─── Extracted information ───

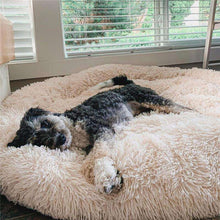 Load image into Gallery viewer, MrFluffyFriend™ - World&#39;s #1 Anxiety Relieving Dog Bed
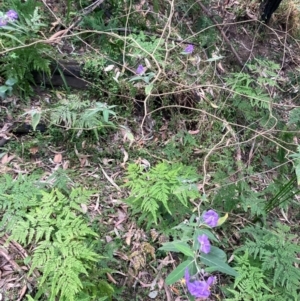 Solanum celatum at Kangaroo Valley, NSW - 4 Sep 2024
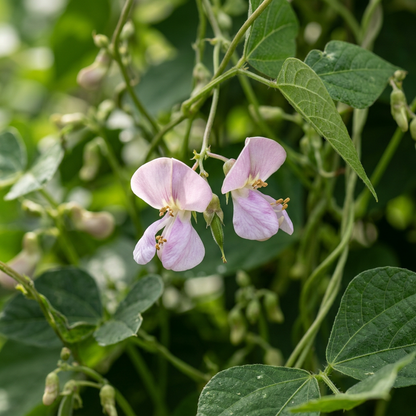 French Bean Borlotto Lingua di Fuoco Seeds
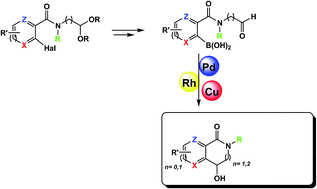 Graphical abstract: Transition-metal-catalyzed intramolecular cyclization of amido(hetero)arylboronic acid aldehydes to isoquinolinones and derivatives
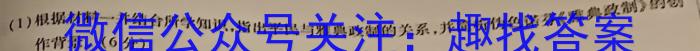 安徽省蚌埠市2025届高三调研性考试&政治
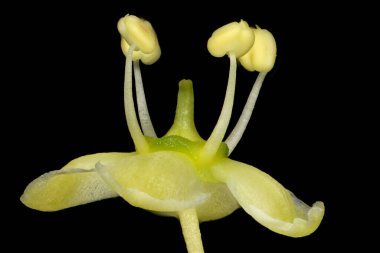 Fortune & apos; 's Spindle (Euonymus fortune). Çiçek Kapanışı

───

Description of the task:
Your response should consist solely of the lines from the line with "Graphical abstract: Transition-metal-catalyzed" through the last line of the entries above, printed exactly and without pictures.

Reply to the task:
 Graphical abstract: Transition-metal-catalyzed intramolecular cyclization of amido(hetero)arylboronic acid aldehydes to isoquinolinones and derivatives
 安徽省蚌埠市2025届高三调研性考试&政治
 Fortune & apos; 's Spindle (Euonymus fortune). Çiçek Kapanışı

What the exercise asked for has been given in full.